Your copy should repeat each record below exactly and contain no images.
▼▼▼
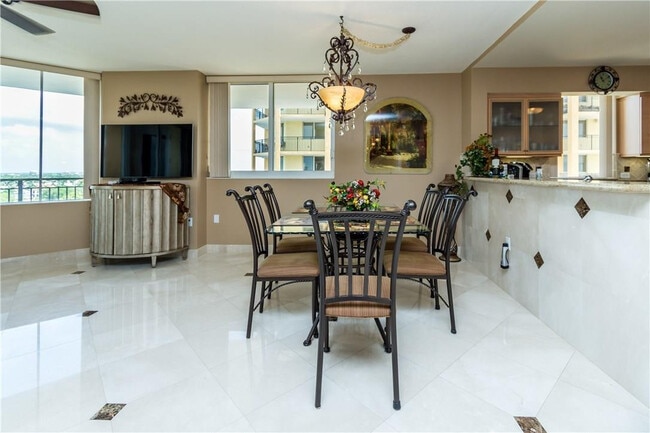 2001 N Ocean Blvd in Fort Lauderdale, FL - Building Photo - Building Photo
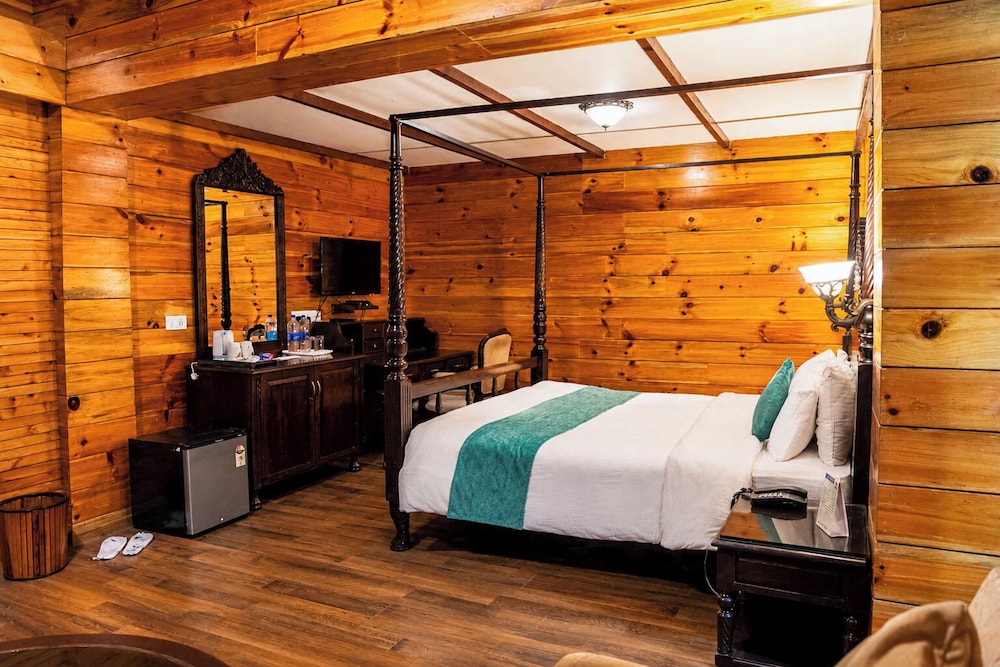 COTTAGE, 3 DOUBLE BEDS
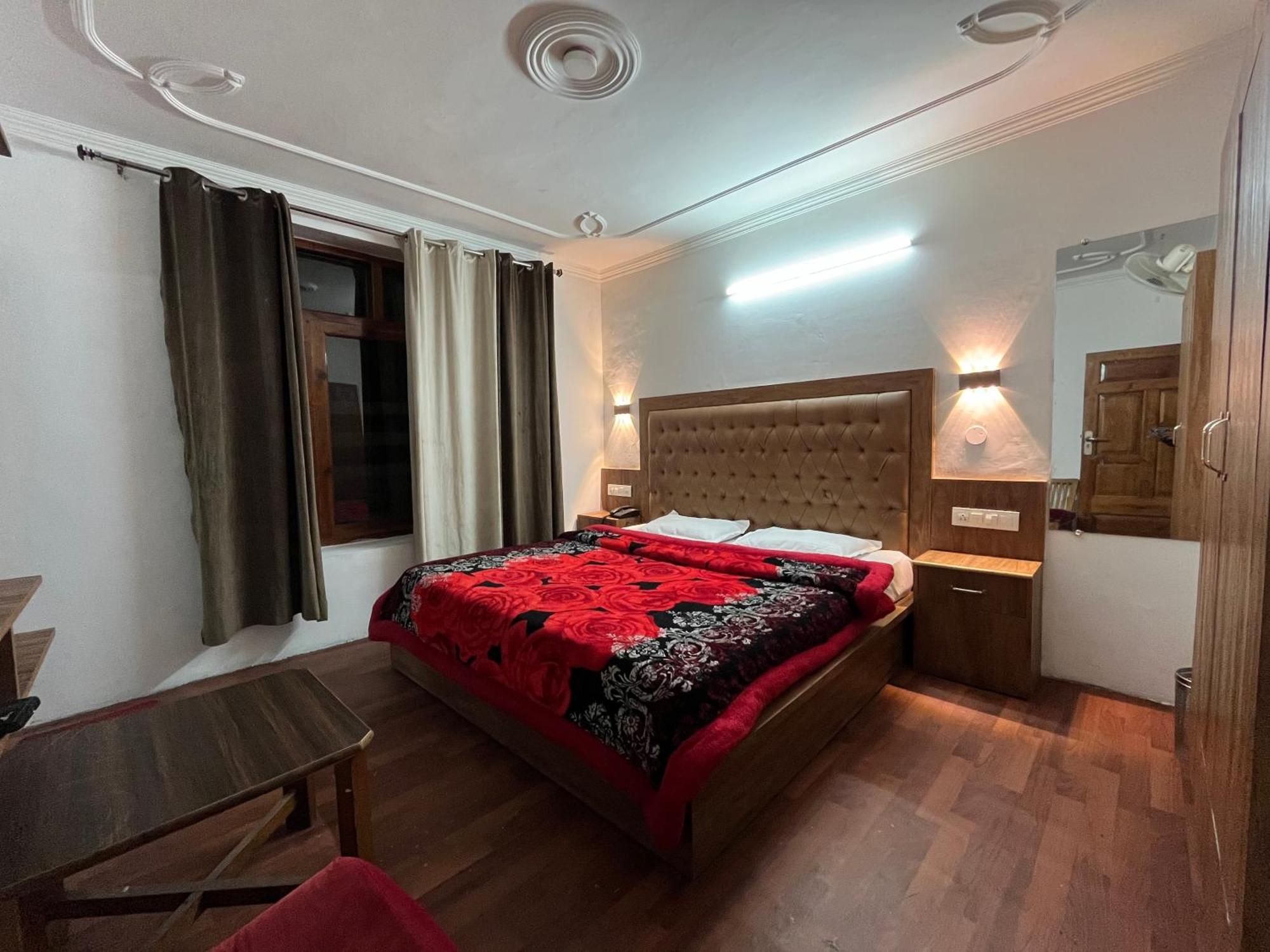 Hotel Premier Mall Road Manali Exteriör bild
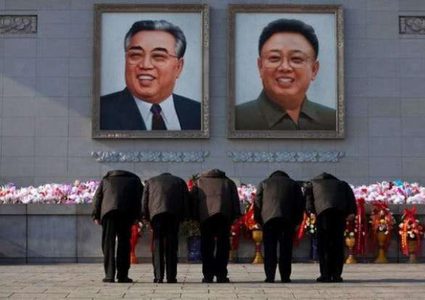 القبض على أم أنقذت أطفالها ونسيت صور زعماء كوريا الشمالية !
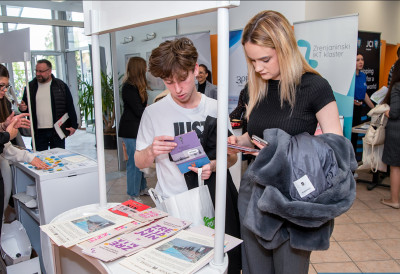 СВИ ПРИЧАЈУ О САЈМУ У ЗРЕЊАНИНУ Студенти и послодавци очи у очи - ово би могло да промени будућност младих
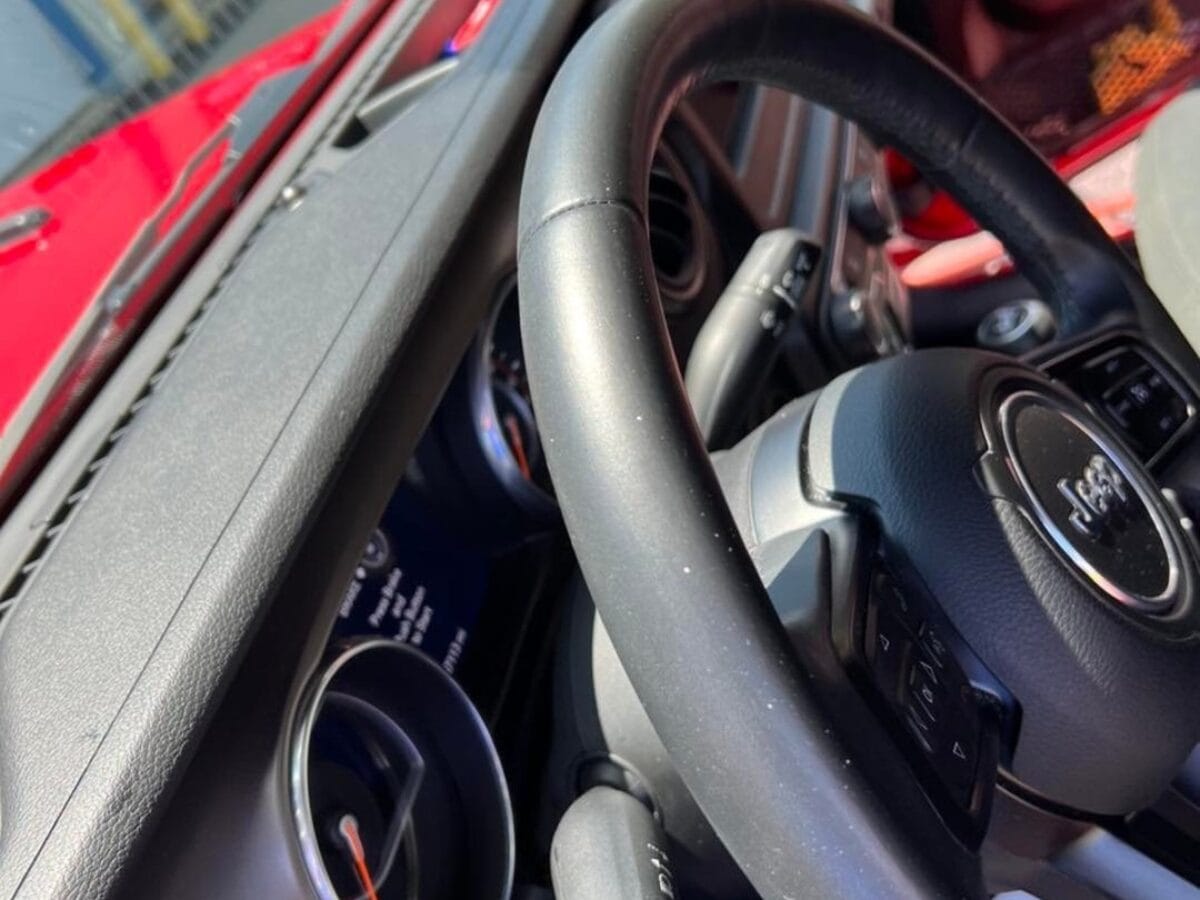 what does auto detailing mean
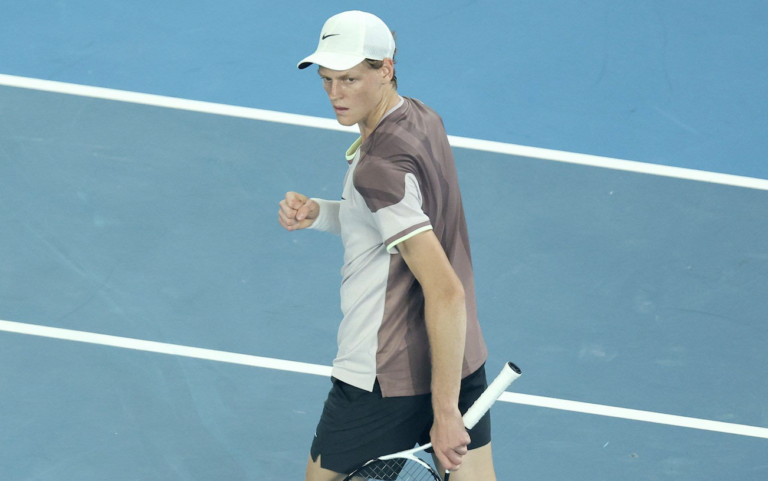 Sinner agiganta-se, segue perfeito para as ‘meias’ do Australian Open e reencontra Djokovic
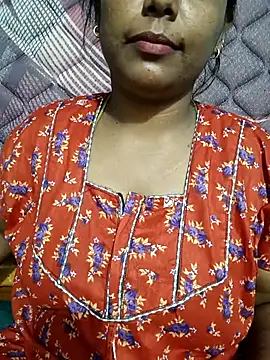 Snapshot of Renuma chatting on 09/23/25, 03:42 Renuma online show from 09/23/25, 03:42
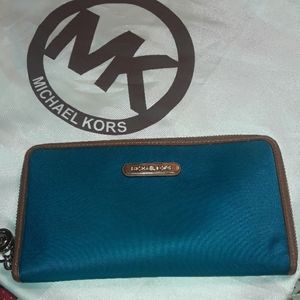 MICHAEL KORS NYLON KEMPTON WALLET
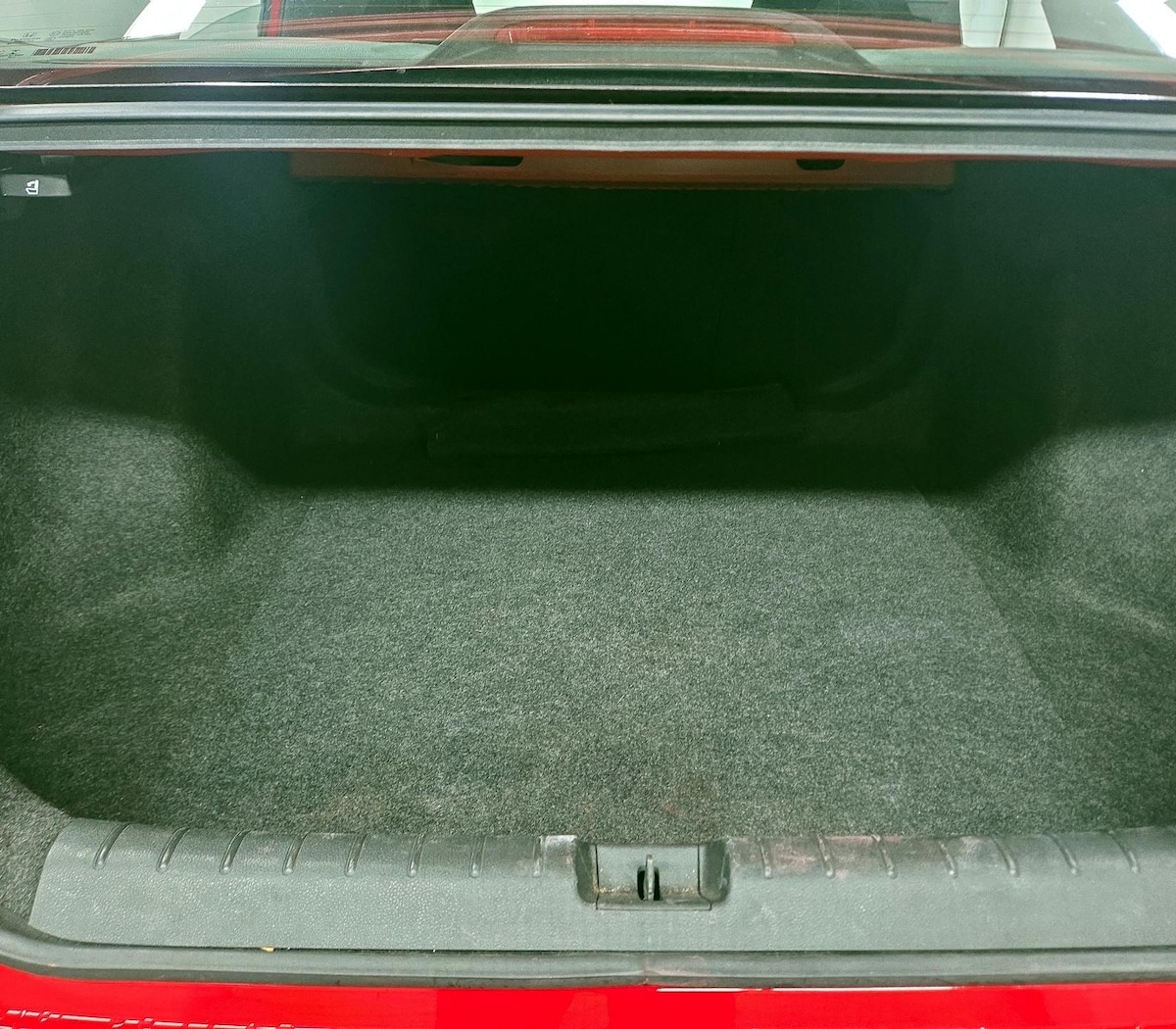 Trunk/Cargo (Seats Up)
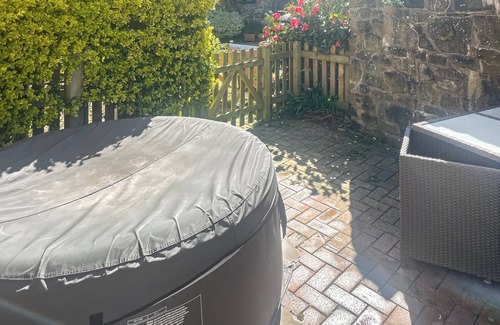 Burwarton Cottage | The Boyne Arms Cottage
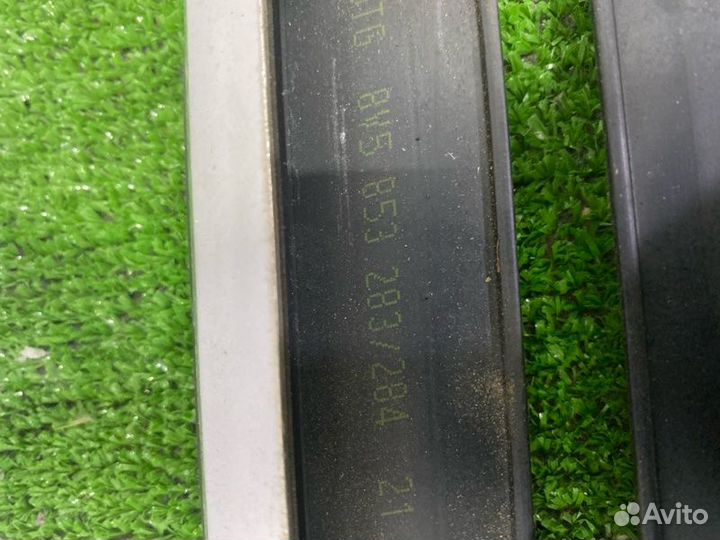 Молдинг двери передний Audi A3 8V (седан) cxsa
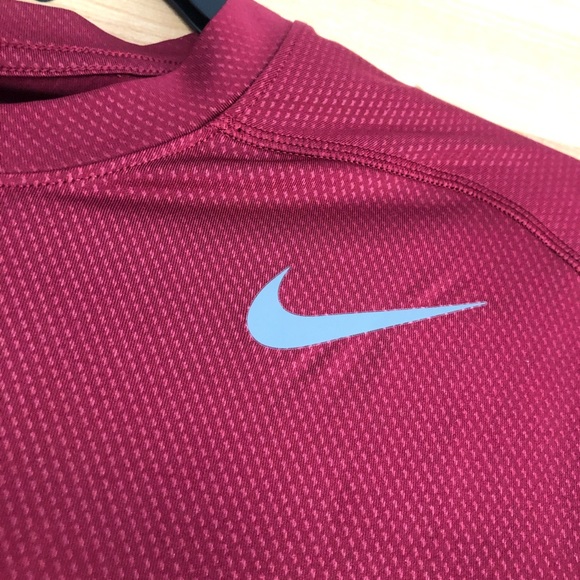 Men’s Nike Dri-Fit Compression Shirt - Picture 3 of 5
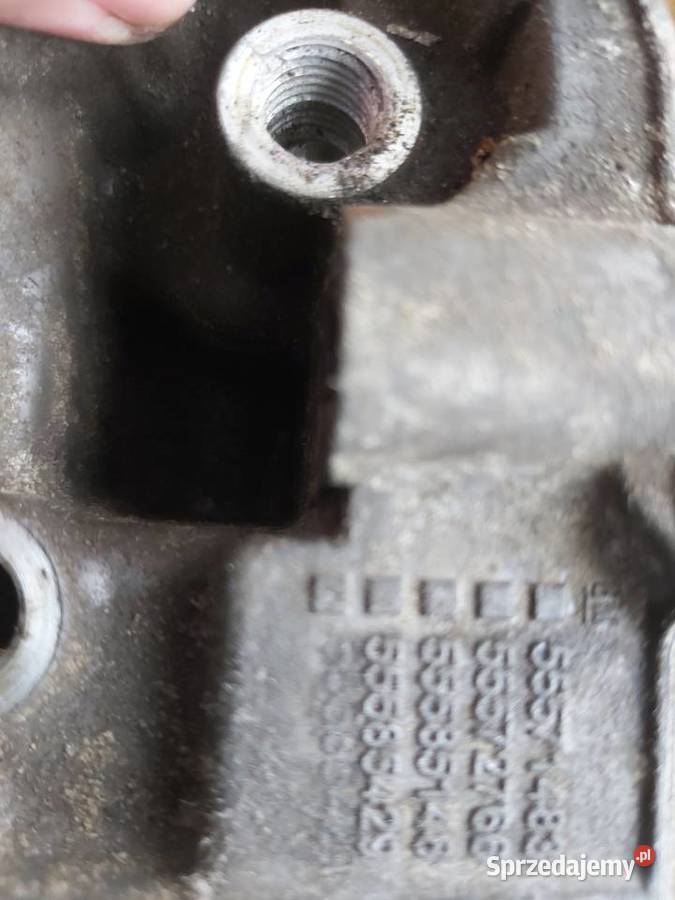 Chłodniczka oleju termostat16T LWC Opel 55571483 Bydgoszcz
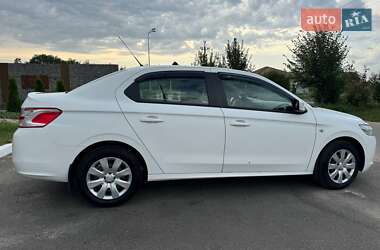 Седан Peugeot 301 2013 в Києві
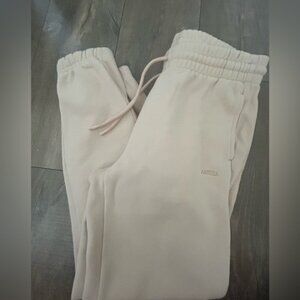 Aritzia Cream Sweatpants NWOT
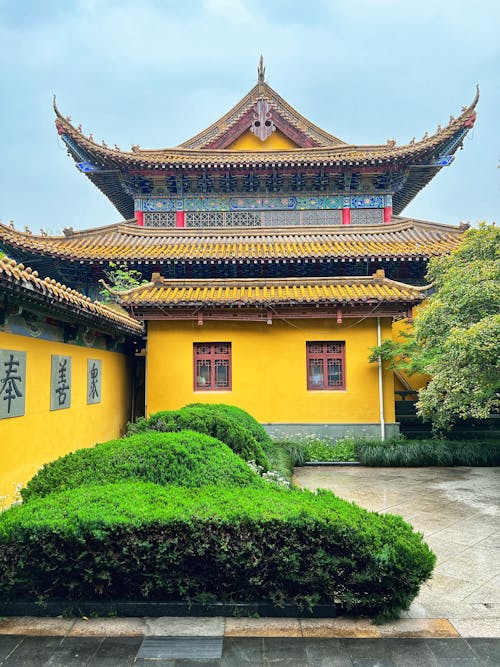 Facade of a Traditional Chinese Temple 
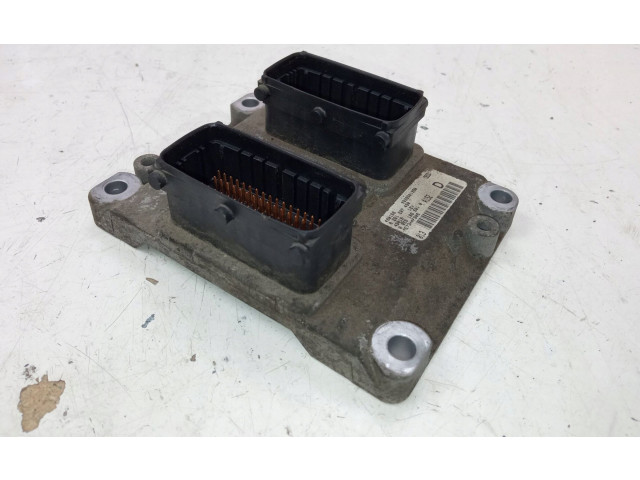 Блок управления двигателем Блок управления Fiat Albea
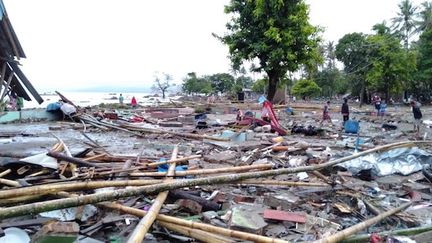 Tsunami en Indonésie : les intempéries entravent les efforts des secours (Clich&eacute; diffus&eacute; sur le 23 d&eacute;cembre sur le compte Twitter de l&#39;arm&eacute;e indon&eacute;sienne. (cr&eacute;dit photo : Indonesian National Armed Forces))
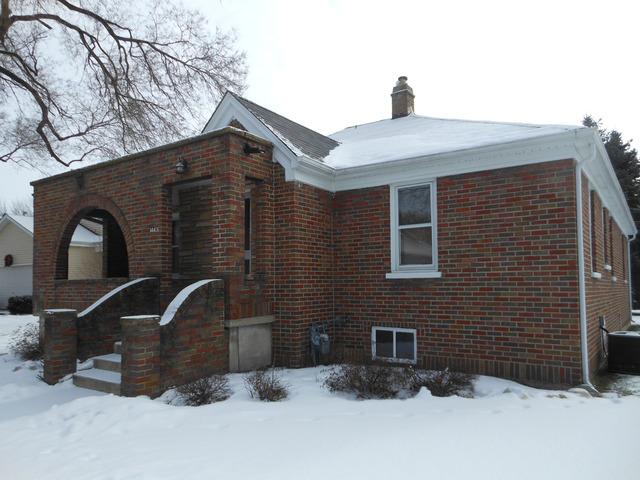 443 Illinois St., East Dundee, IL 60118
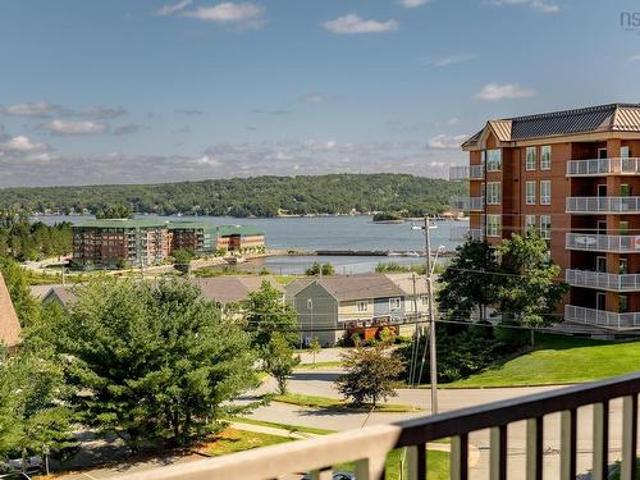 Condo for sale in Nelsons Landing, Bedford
▲▲▲
REPLY:
 2001 N Ocean Blvd in Fort Lauderdale, FL - Building Photo - Building Photo
 COTTAGE, 3 DOUBLE BEDS
 Hotel Premier Mall Road Manali Exteriör bild
 القبض على أم أنقذت أطفالها ونسيت صور زعماء كوريا الشمالية !
 СВИ ПРИЧАЈУ О САЈМУ У ЗРЕЊАНИНУ Студенти и послодавци очи у очи - ово би могло да промени будућност младих
 what does auto detailing mean
 Sinner agiganta-se, segue perfeito para as ‘meias’ do Australian Open e reencontra Djokovic
 Snapshot of Renuma chatting on 09/23/25, 03:42 Renuma online show from 09/23/25, 03:42
 MICHAEL KORS NYLON KEMPTON WALLET
 Trunk/Cargo (Seats Up)
 Burwarton Cottage | The Boyne Arms Cottage
 Молдинг двери передний Audi A3 8V (седан) cxsa
 Men’s Nike Dri-Fit Compression Shirt - Picture 3 of 5
 Chłodniczka oleju termostat16T LWC Opel 55571483 Bydgoszcz
 Седан Peugeot 301 2013 в Києві
 Aritzia Cream Sweatpants NWOT
 Facade of a Traditional Chinese Temple 
 Блок управления двигателем Блок управления Fiat Albea
 Tsunami en Indonésie : les intempéries entravent les efforts des secours (Clich&eacute; diffus&eacute; sur le 23 d&eacute;cembre sur le compte Twitter de l&#39;arm&eacute;e indon&eacute;sienne. (cr&eacute;dit photo : Indonesian National Armed Forces))
 443 Illinois St., East Dundee, IL 60118
 Condo for sale in Nelsons Landing, Bedford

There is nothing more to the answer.